Macbeth, in its essence, presents a tale of hubris, avarice, and a fall from grace, instigated and encouraged by a supernatural presence. The Davidson College performance of this tragedy emphasized the latter’s role in the progression of the narrative through the omnipresence of the witches on the stage, even when not scripted by Shakespeare himself. This interpretation constructs the witches as the architects of the murders and fights occurring, as opposed to framing Macbeth as a victim to his own humanity, and marks a contrast from the other theatrical interpretation I have seen from the Richmond Shakespeare Company (summer 2018). This other production utilized the witches more as an indicator of the actions other characters undertook than as a catalyst. Nonetheless, the divergence between these two interpretations, through constructing a contradiction between human nature and divine intervention, displays how neither force manifests itself as mutually exclusive in executing the order of events and rather illustrates their interdependence.

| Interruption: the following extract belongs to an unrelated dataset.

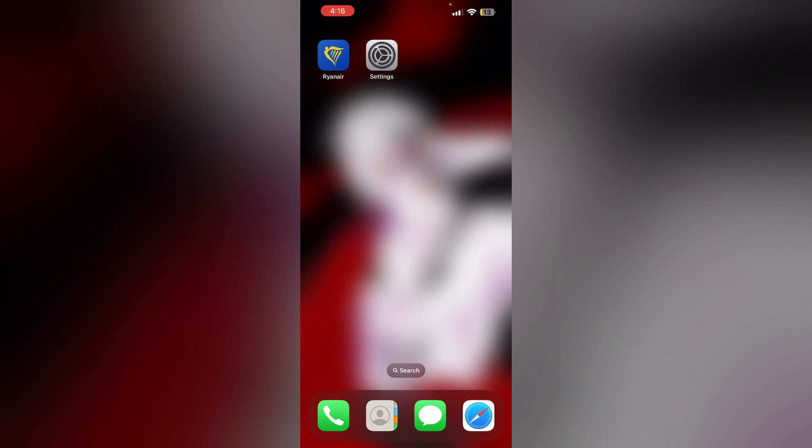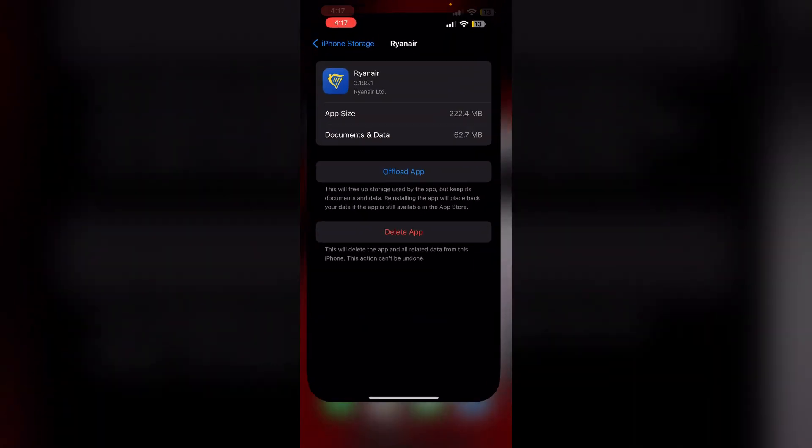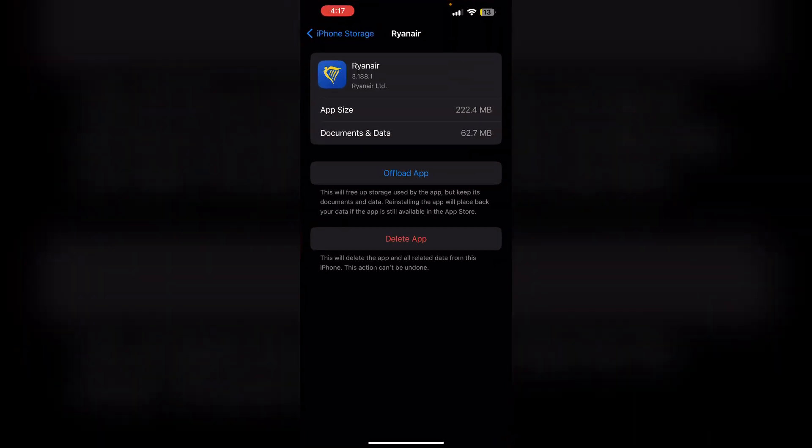But there is a workaround. First, go to Settings, then iPhone Storage, and click on Ryanair. Then tap Offload App.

Literary interpretations aside, this campus event provided an incredible spectacle of staging, especially within the incredible choreography of the fight scenes. Furthermore, the players used the set with its minimalist appearance so elaborately. The delivery of the letters through the trapdoor especially stands out as an exemplar of the creativity that manipulated space to focus the audience’s attention on the characters and their actions while simultaneously continuing to spark interest. The set remains only representative, nonetheless, of the brilliance both of those acting and those constructing the presentation of this challenge to humanity.